For junior Emily Wagner, forming a new club on campus was as simple as “love at first Scrab.”
It was her passion for Scrabble that brought Wagner together with Megan Arellano to form a club around the word game.
“We were the only two who kept coming back consistently last year and took it upon ourselves to keep the club going and be a sustainable club,” Wagner said.
The Capital Letters became an official GW-recognized club last year-and its membership has been growing.
The club’s co-presidents, Arellano and Wagner, said that before this year, they had to drag friends to play Scrabble with them. At that time, the group only averaged five players each meeting.
Now, to hone their Scrabble skills, about 10 to 15 club members meet once a week in the Marvin Center. With games set up on coffee tables and players clustered on couches, club meetings recreate the feeling of a family game night on a college campus.

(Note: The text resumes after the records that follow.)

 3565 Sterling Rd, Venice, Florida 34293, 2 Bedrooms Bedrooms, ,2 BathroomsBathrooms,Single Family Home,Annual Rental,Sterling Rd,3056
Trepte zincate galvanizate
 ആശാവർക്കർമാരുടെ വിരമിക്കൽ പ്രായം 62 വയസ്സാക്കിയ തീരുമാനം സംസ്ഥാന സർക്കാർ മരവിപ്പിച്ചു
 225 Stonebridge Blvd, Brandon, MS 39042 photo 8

“I grew up with board games. They are fun and simple forms of entertainment,” Wagner said. “It’s really nice to have a break once a week from work and school and do something that’s enjoyable.”

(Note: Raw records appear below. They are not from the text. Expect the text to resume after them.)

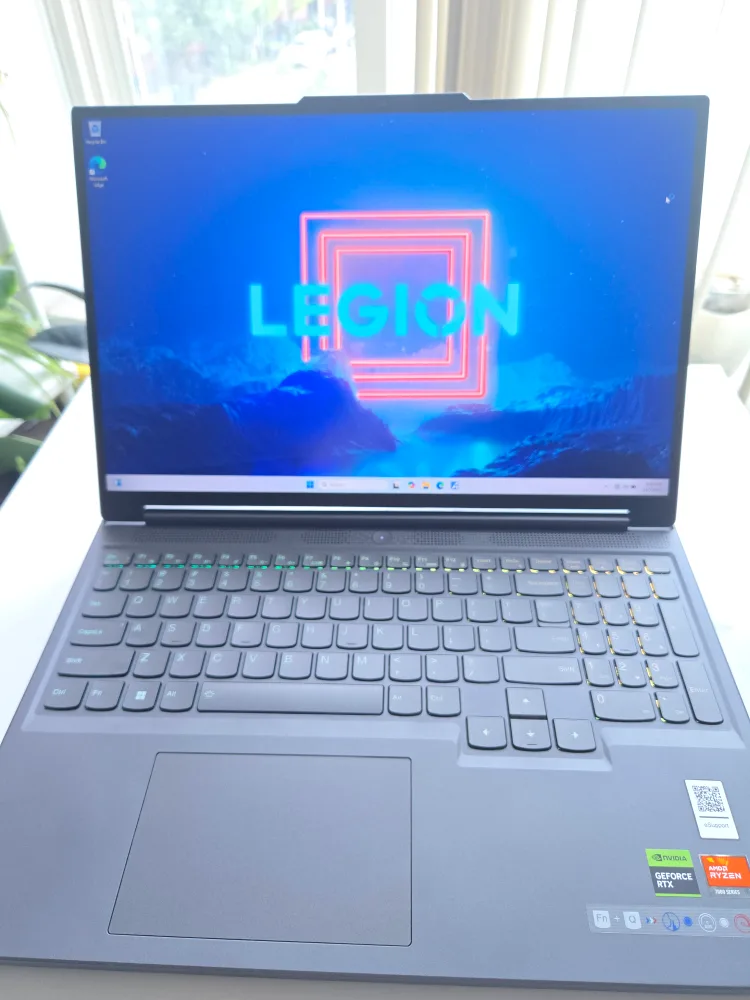 💻 Lenovo Legion Slim 5 Gen 8 (16″) – RTX 4060 32 GB RAM thumbnail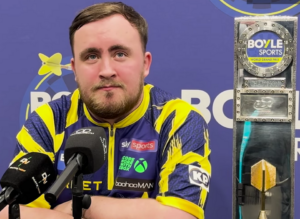 Luke Littler z trofeum World Grand Prix 2025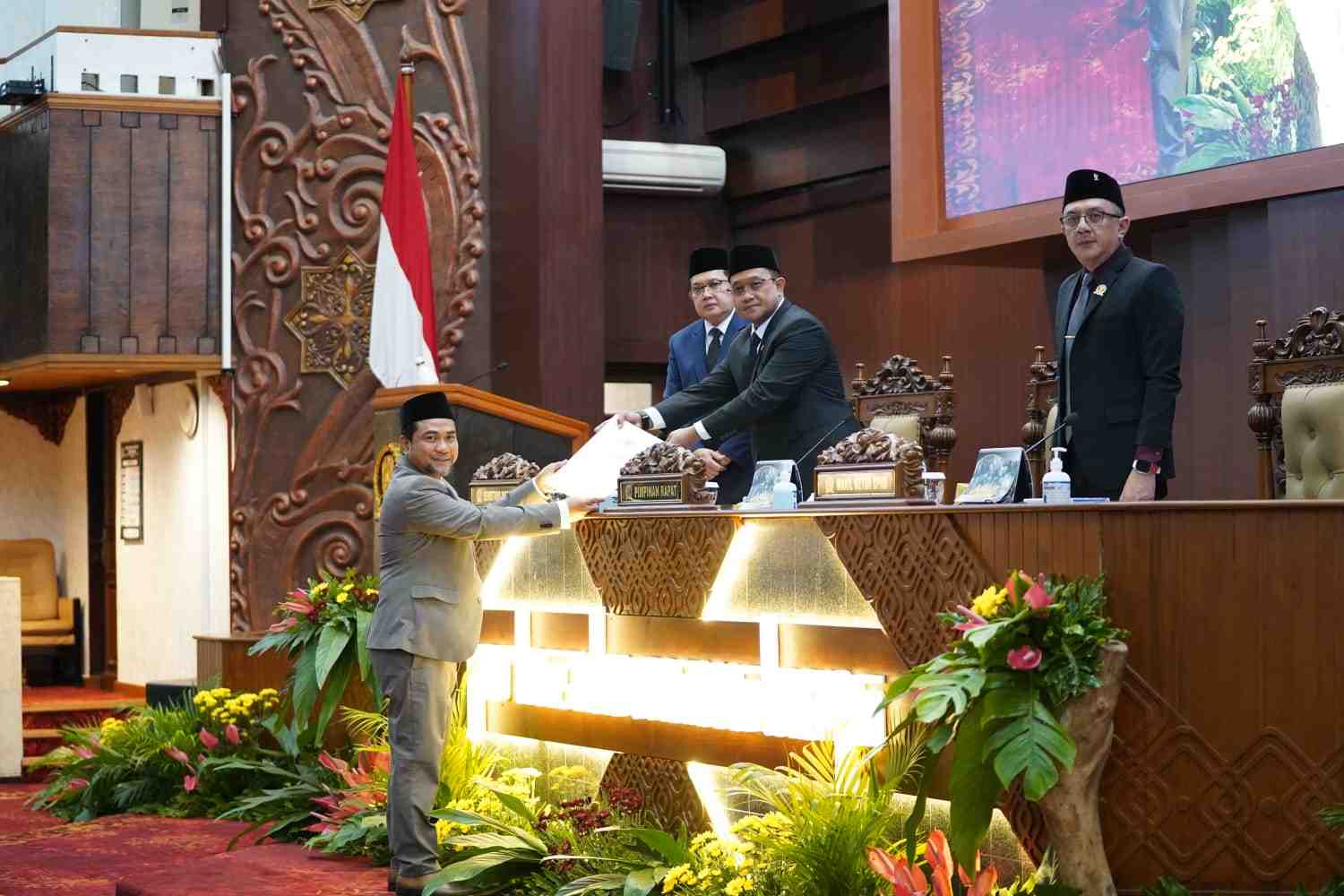 Juru Bicara Fraksi NasDem, Khusnul Arif, S.Sos,_11zon Fraksi NasDem Setuju Raperda Pencabutan Sejumlah Perda Jatim Dilanjutkan, Sampaikan Kehati-hatian Regulasi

Senior Casey Blair said the simplicity of Scrabble contrasts the complications of collegiate life.
Being a good speller is not required, and Arellano, a junior, said the members are not going to “hassle you about misspelled words.” The club judges words based on the Official Scrabble Players Dictionary, copies of which are kept on hand at every meeting. Players also have cheat sheets of uncommon two-, three- and four- letter words, plus words starting with tough letters like q and z.

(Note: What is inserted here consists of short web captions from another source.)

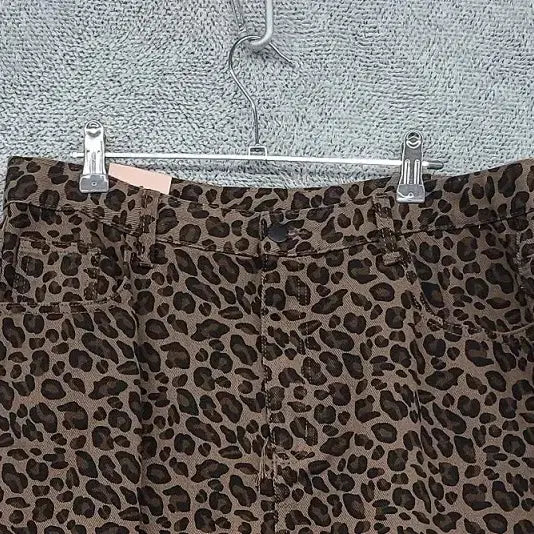 [BUNJANG] Brown Leopard Print Cotton Polyurethane Blend Midi Skirt / 브라운 호피패턴 스커트 F
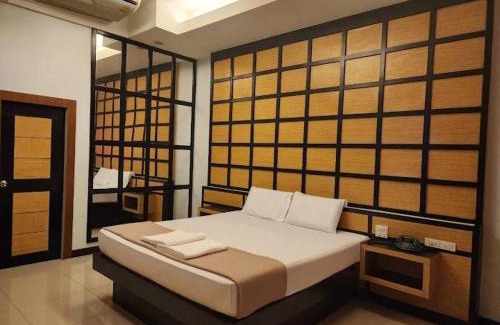 Tha Thaewawong Complejo | Hi End Hotel Sriracha
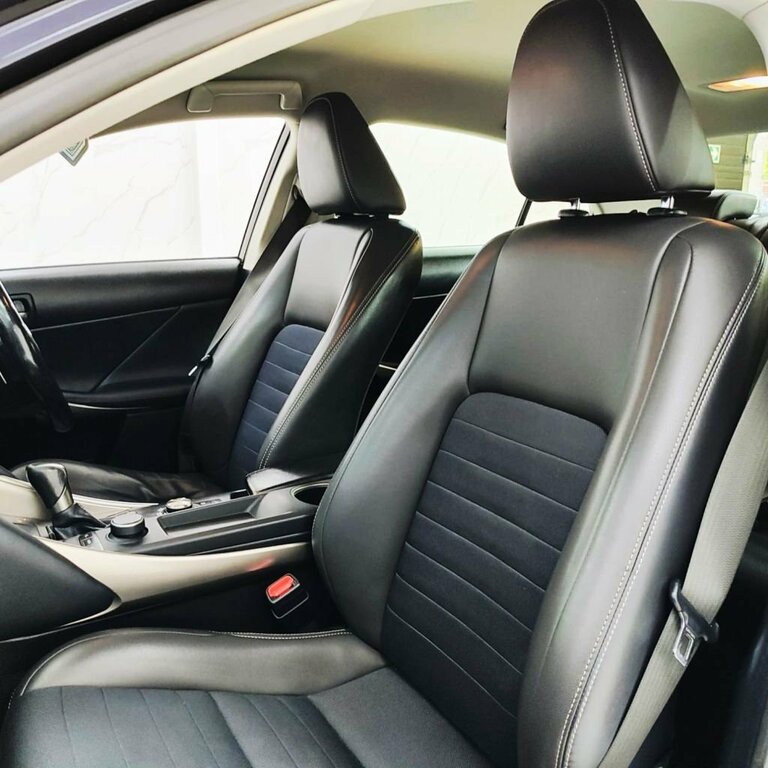 Lexus IS Advance Black #13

Sometimes, the club plays a different version of Scrabble based solely on made-up words like “wetgazes” or “xanadu.”
“If we have a fun word, we’ll play it regardless of the rules,” Wagner said.
Last year, the club hosted an on-campus Scrabble tournament. Arellano and Wagner would like to host a family game night during Colonials Weekend, in which students, siblings and families can play Scrabble and other board games.
Now that the club is growing, they are trying to reach beyond GW’s campus and into the city. As a team leader at the tutoring program D.C. Reads, Arellano would like to organize a joint event between the club and the nonprofit as a way to “promote literacy through Scrabble.”
“The club does not have a lot of advocacy,” Arellano said. “It’s about making connections and friends who we wouldn’t otherwise know.”